Ms. Echo-Hawk is a trauma survivor. She was first sexually abused at age 6 and attempted suicide for the first time at age 9. In her late teens, she moved to Seattle, where she married and became pregnant with the first of two children. After feeling stigmatized at the local hospital by a medical assistant who checked her arms for signs of drug use, Ms. Echo-Hawk found her way to the Seattle Indian Health Board.

“They got me food stamps, they gave me medical services, and they did it in a culturally based way,” said Ms. Echo-Hawk, who is now divorced. “I was able to start this healing process.”

For the next decade, Echo-Hawk cut his hair during the day and took classes at night. In 2016, she joined the research arm of the Seattle Indian Health Board. In the years since, her department’s annual operating budget has increased from about $1 million to $9 million, an increase that is attributed to her.

In addition to publishing studies, Ms. Echo-Hawk teaches researchers how to include Indigenous people in data. She also helps hospitals and law enforcement agencies change their data collection practices to reduce racial misclassification. (As Ms. Echo-Hawk put it: “A common saying in Indian Country is that you are born Native and die white; that’s what they mark on your death certificate because no one asks you.”)
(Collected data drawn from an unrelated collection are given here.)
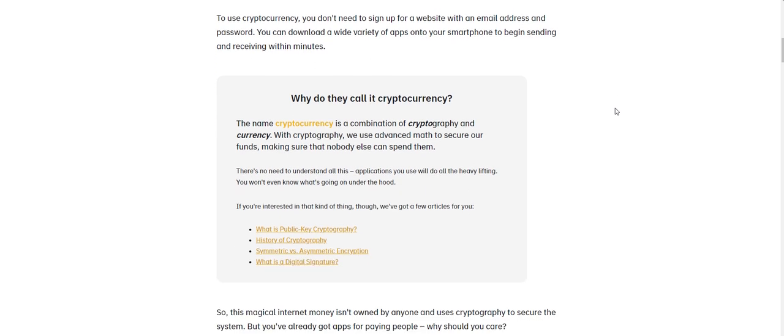To use cryptocurrency, you don't need to sign up for a website with an email address and password. You can download a wide variety of apps onto your smartphone to begin sending and receiving within minutes.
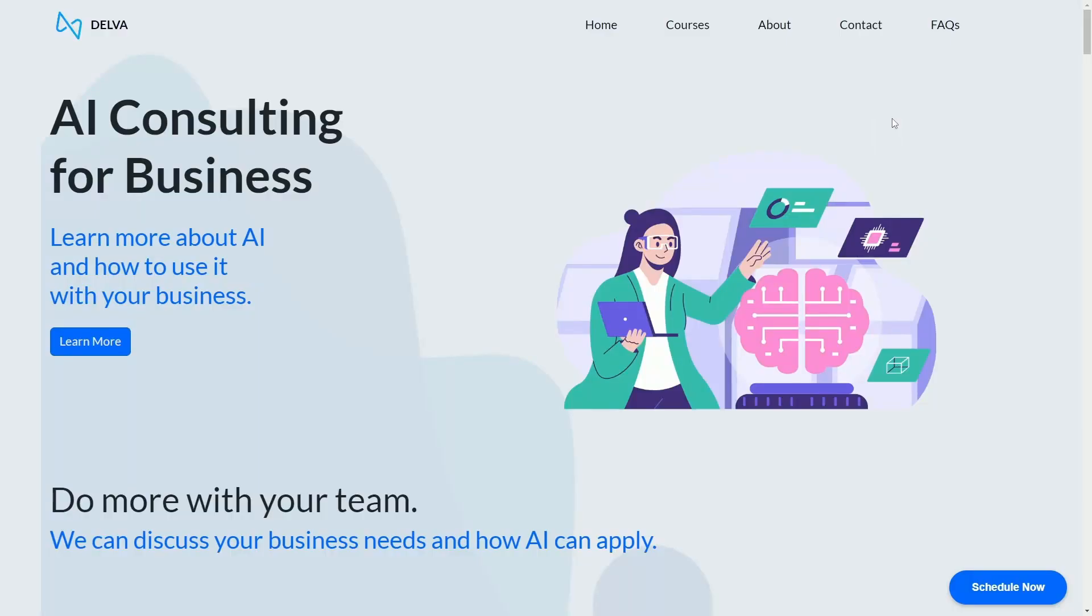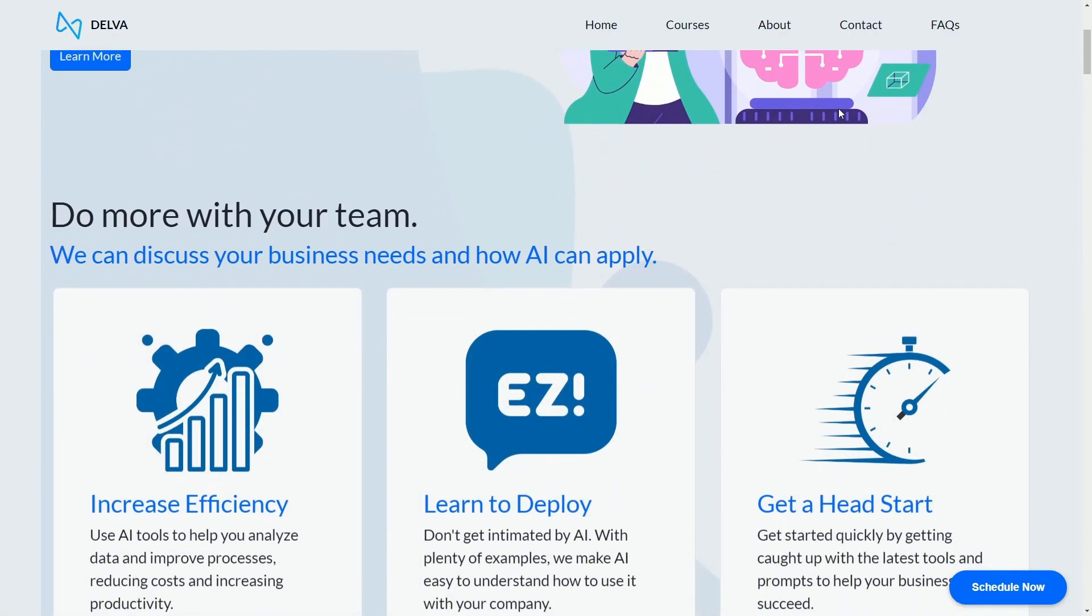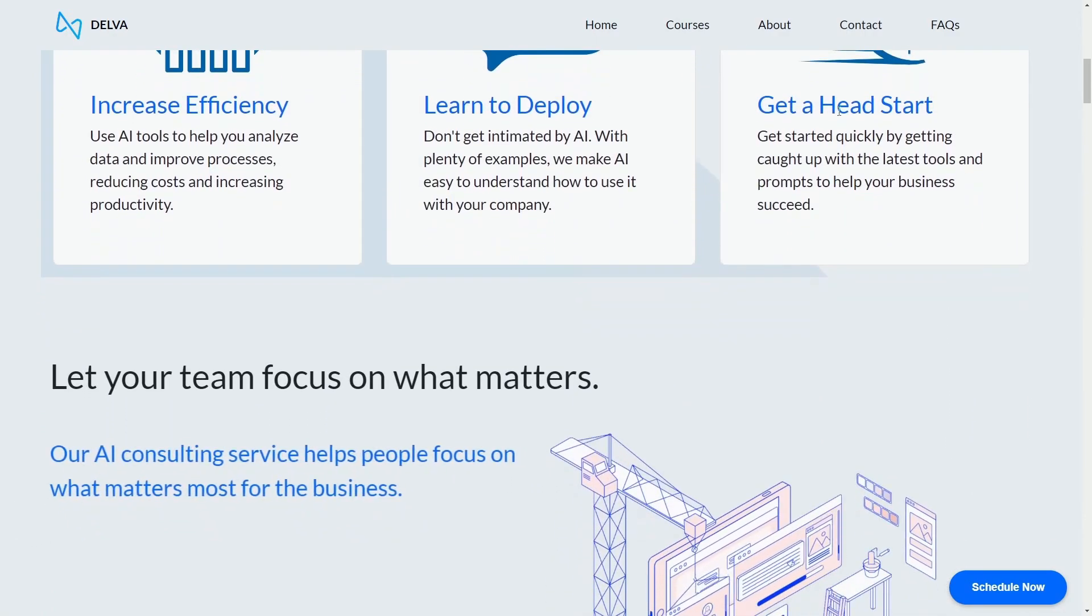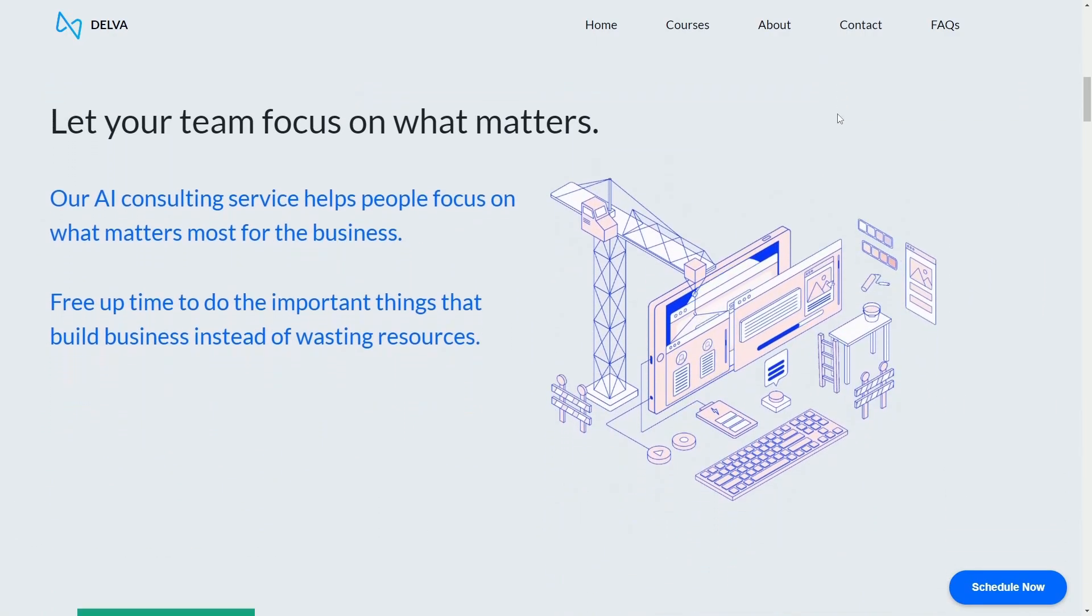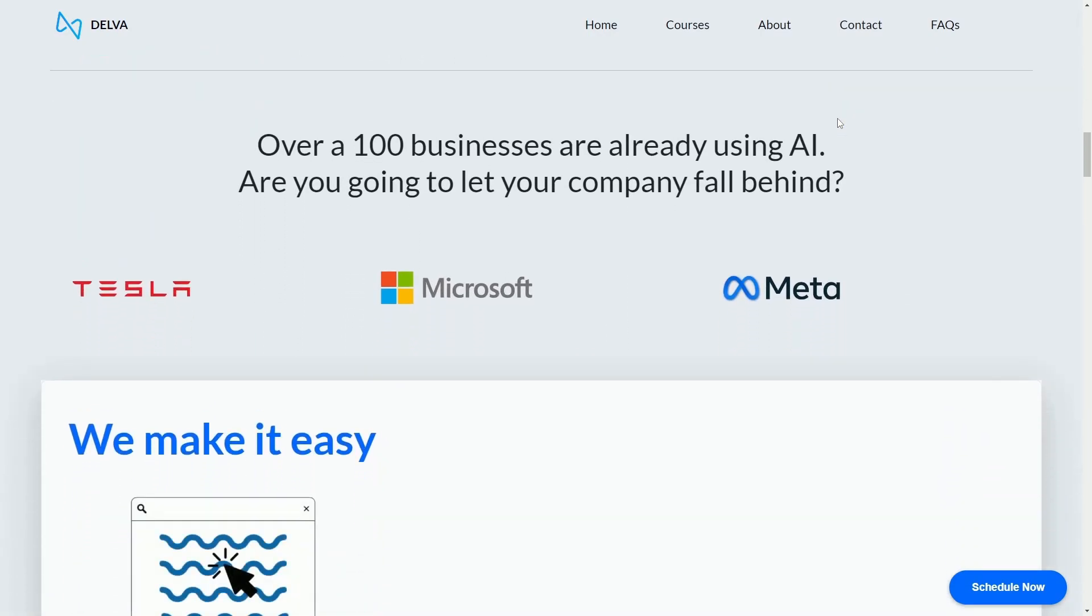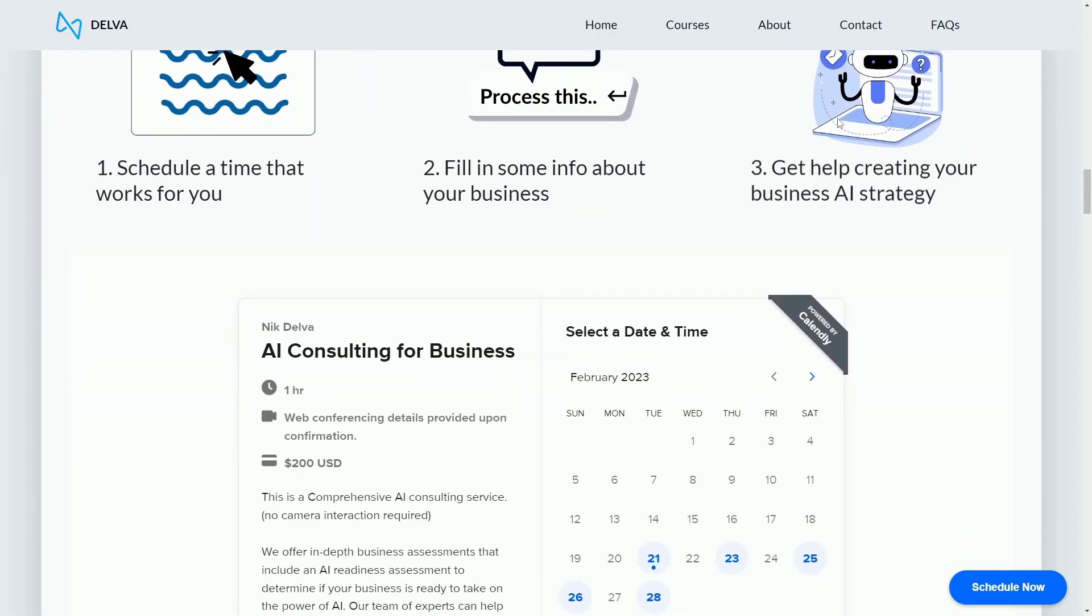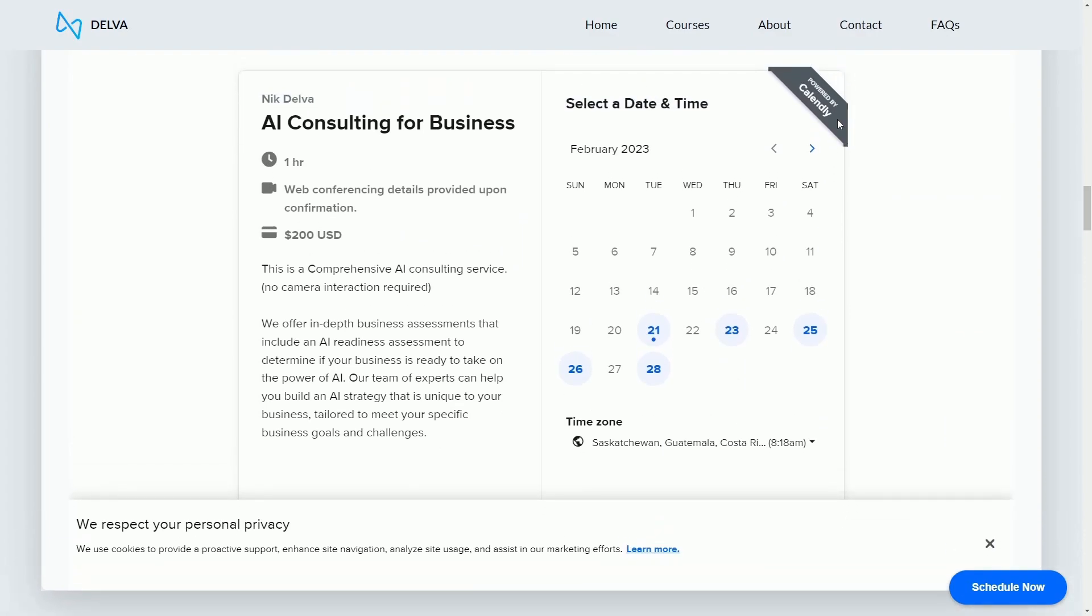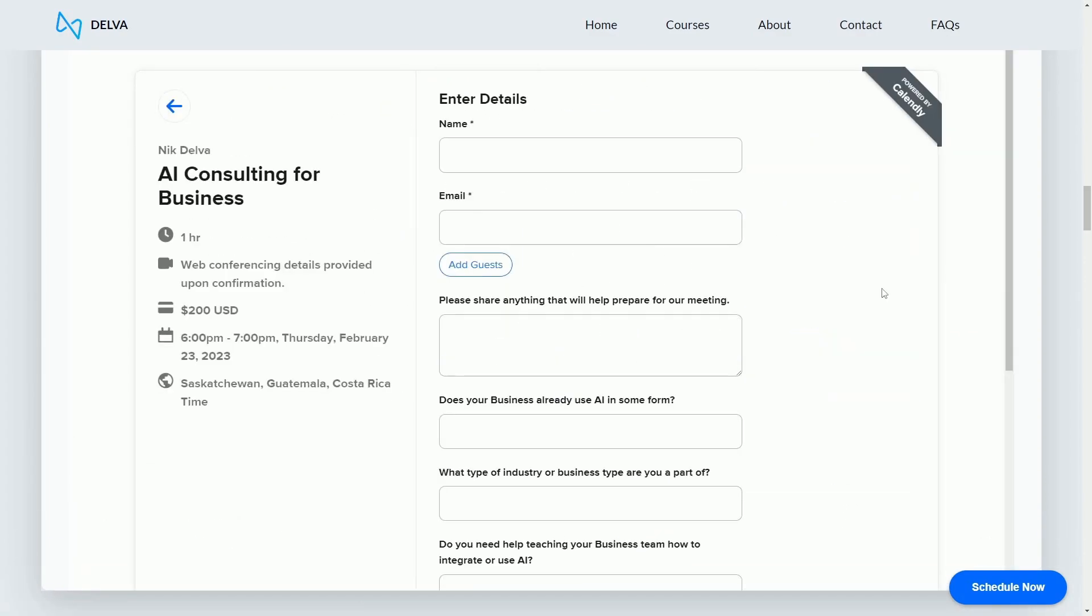But before we get there, check out Delva.ai. Not sure how to start using AI for your business? Don't let your company fall behind. Start building an AI strategy today with Delva's AI consulting. Schedule some time with Delva's AI consultants and start integrating AI into your business. Again, check it out at Delva.ai. There's a link in the description below.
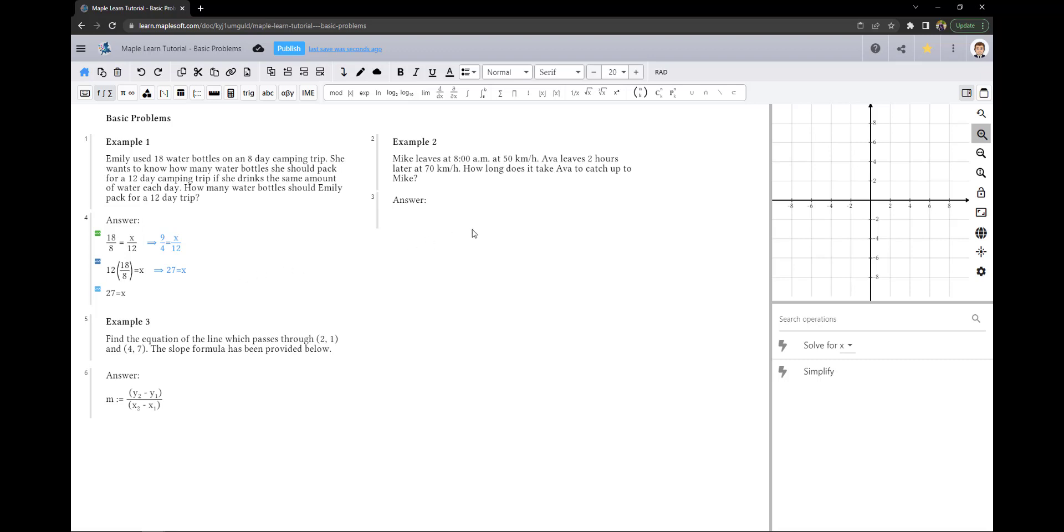In example 2, we need to see how long it takes Ava to catch up to Mike, given that Mike leaves at 8 a.m. at 50 km an hour and Ava leaves 2 hours later at 70 km an hour. If we let the equation for Mike's distance equal to the equation for Ava's distance in terms of t, then we will be able to solve for the time at which both drivers are at the same distance.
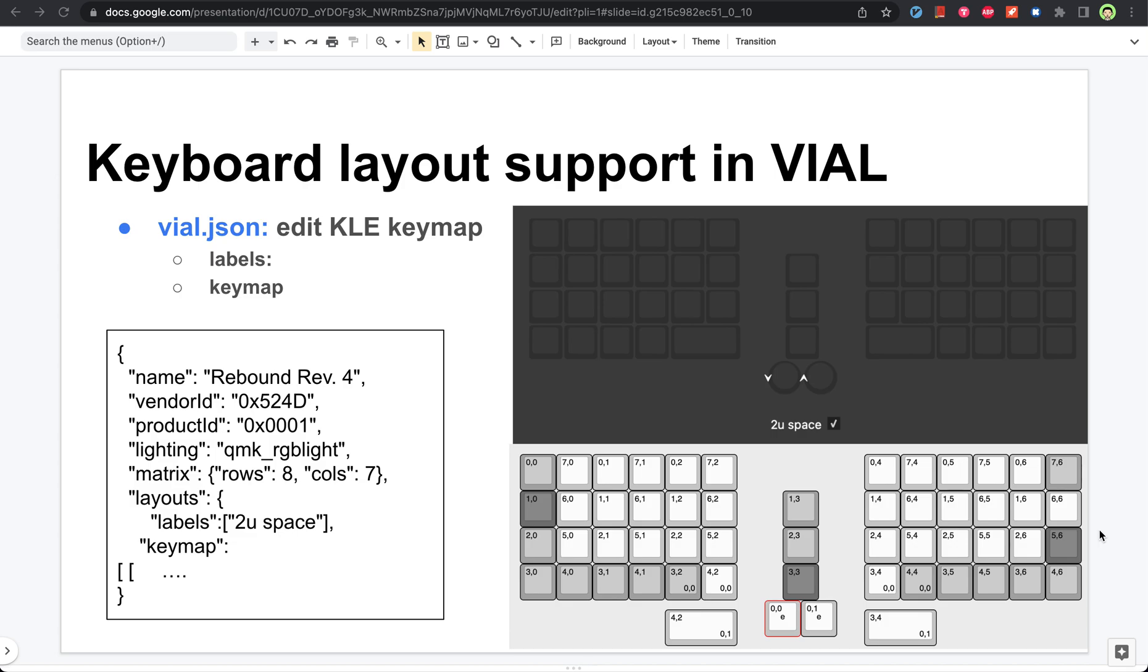Hello everyone, in this video I will show you how to support keyboard layout in VIAL.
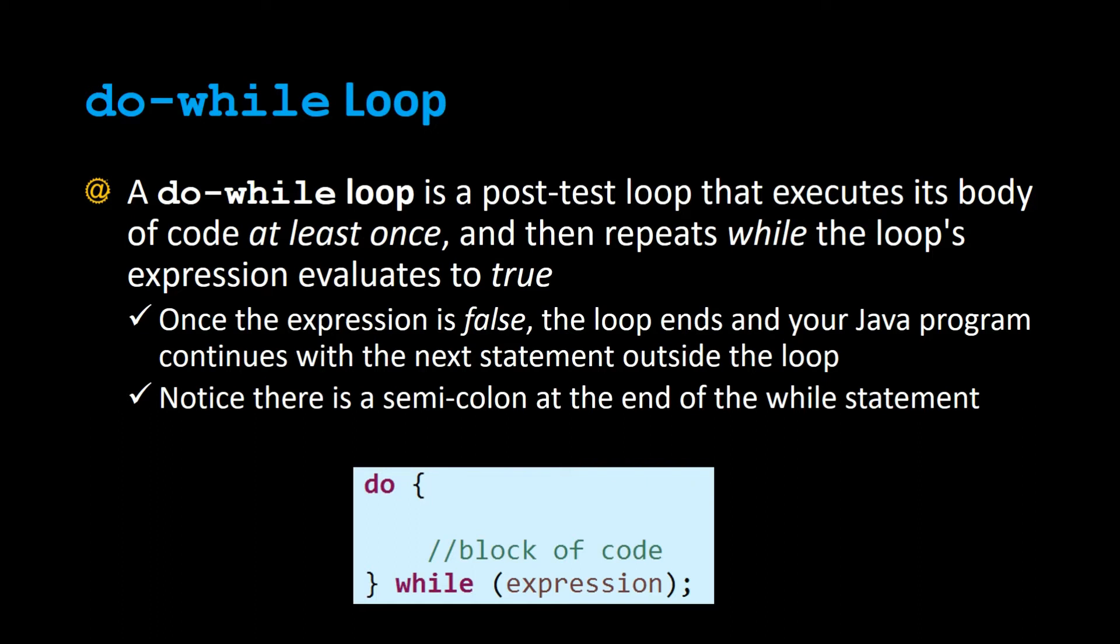Right there at the very end is a semicolon which we didn't have at the end of a while loop, but we do at the end of a do-while loop. Let's try this out.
Although several people praised Ms Echo-Hawk effusively, one Indigenous public health expert suggested that others had made more measurable impacts on the ground, but had attracted less attention. This is both criticism and praise, as many say this is exactly where Ms. Echo-Hawk shines: in attracting the audience’s attention.

“If you’ve ever been in a room with her or seen her speak in person, you’ll never forget it,” Locklear said. Many called Ms. Echo-Hawk “bold” and “unapologetic,” traits reflected in the animal prints, high heels and “big native aunt laugh” for which she is known.

Ms. Echo-Hawk now spends much of her time doing what she does best: talking. Over the past four years, she has testified before Congress on numerous occasions and consulted with several lawmakers to make the language of her bills more inclusive. She responds to dozens of emails each month from tribes interested in starting their own data collection projects. She serves on a dizzying array of committees, including those of the National Institutes of Health and The Lancet, a leading medical journal.

“She asks the questions that people avoid,” said Dr. Aletha Maybank, director of health equity at the American Medical Association and co-chair of The Lancet’s anti-racism commission, on which Echo-Hawk works.

Mrs. Echo-Hawk still cuts hair for her loved ones too – a throwback to her days as a young, school-bound mother. She enjoys the opportunity to be creative, as well as the ability to know when the work is done.

“You have to have something in your life that, you know, you can complete,” he said.